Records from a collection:
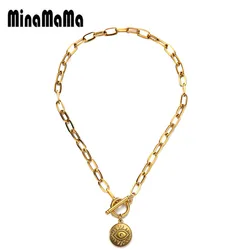 New Arrival Vintage Stainless Steel Paperclip Chain Evil Eye Pendant Necklace For Woman Men OT Clasp Toggle Choker Jewelry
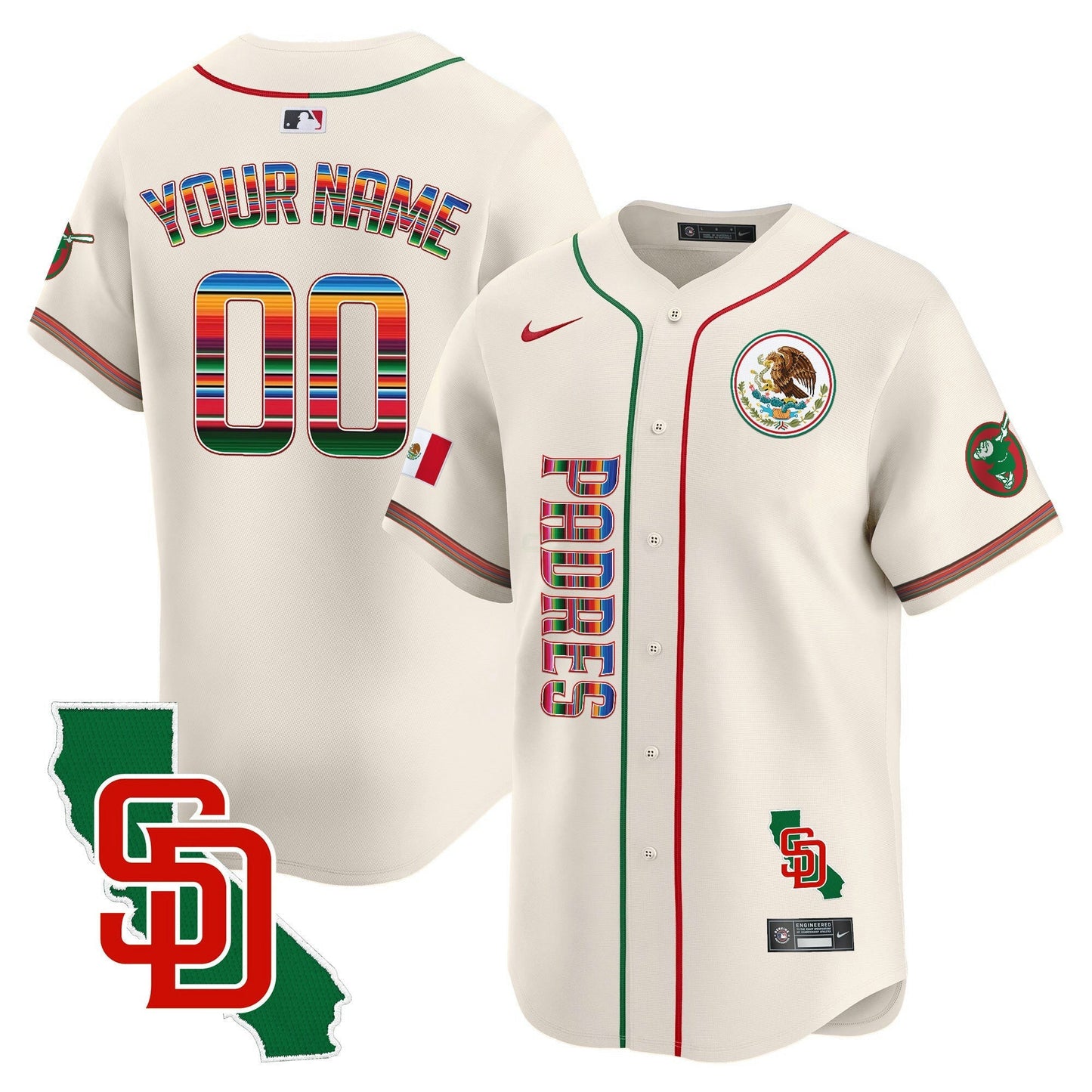 Camisa MLB San Diego Padres Mexico California Patch Vapor Premier Limited Jersey V2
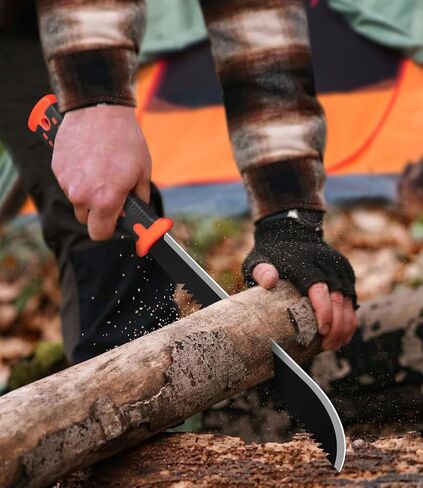 Machete with Saw, 16.5 In Machetes for Bushcraft, Outdoor Hiking, Garden Cutting Trees and Yard Work, Ergonomic No-Slip Handle with Sheath in Saudi Arabia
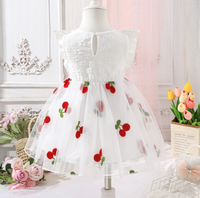 Robe de Fée pour Bébé Fille avec Grand Nœud et Broderie Florale, Manches Courtes en Polyester, Tenue de Fête Estivale Tendance pour Enfants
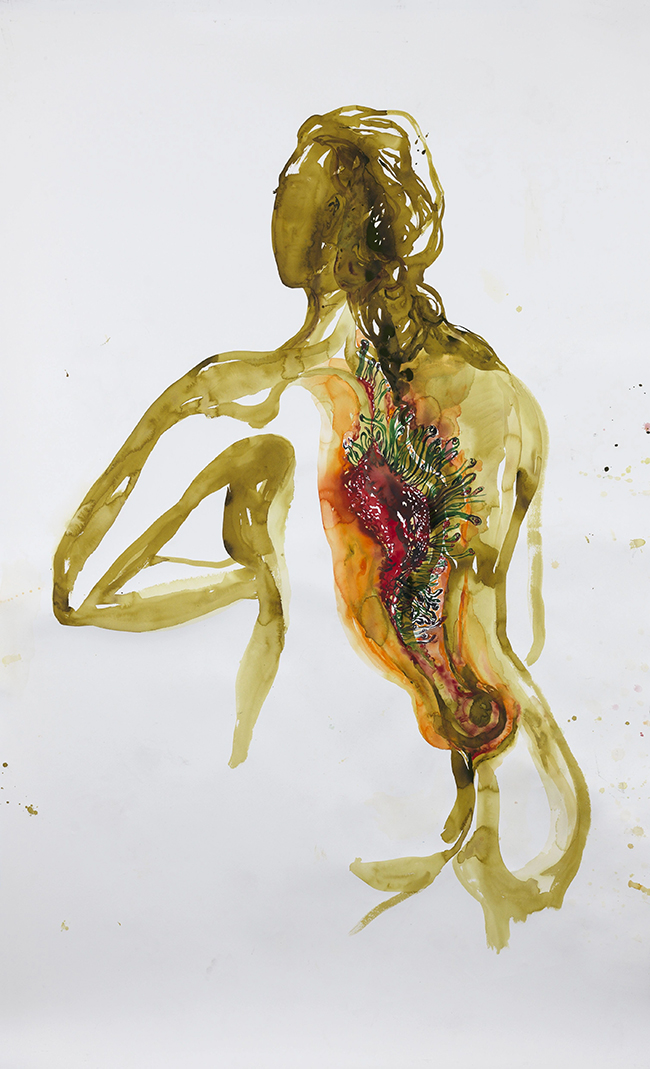 Aline Thomassen Untitled, 2024 watercolour on paper 244 cm x 154 cm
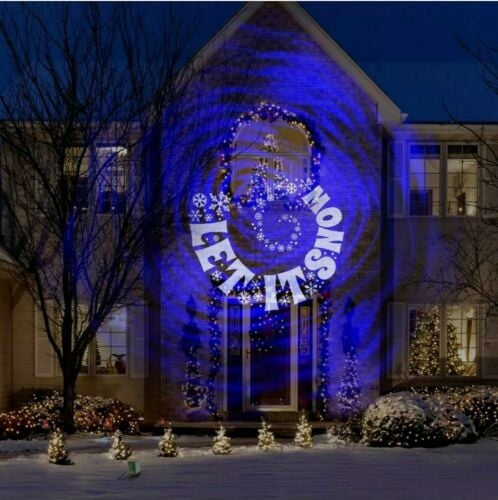 GEMMY BLUE AND WHITE SWIRLING SPIRALS & “LET IT SNOW” LED LIGHTSHOW PROJECTION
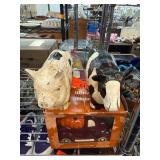 Pig and Cow Figurines with Napkin Holder and Wax M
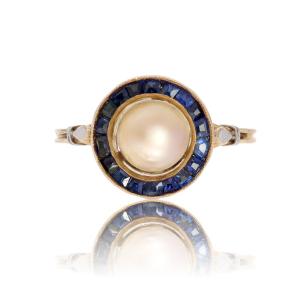 Bague ancienne perle saphirs calibrés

**WHAT THE TASK REQUIRES**
Pictures do not belong in your copy; restate word for word the lines from the one containing "Aline Thomassen Untitled, 2024" through the last line of the records above.

**TASK SOLUTION**
 Aline Thomassen Untitled, 2024 watercolour on paper 244 cm x 154 cm
 GEMMY BLUE AND WHITE SWIRLING SPIRALS & “LET IT SNOW” LED LIGHTSHOW PROJECTION
 Pig and Cow Figurines with Napkin Holder and Wax M
 Bague ancienne perle saphirs calibrés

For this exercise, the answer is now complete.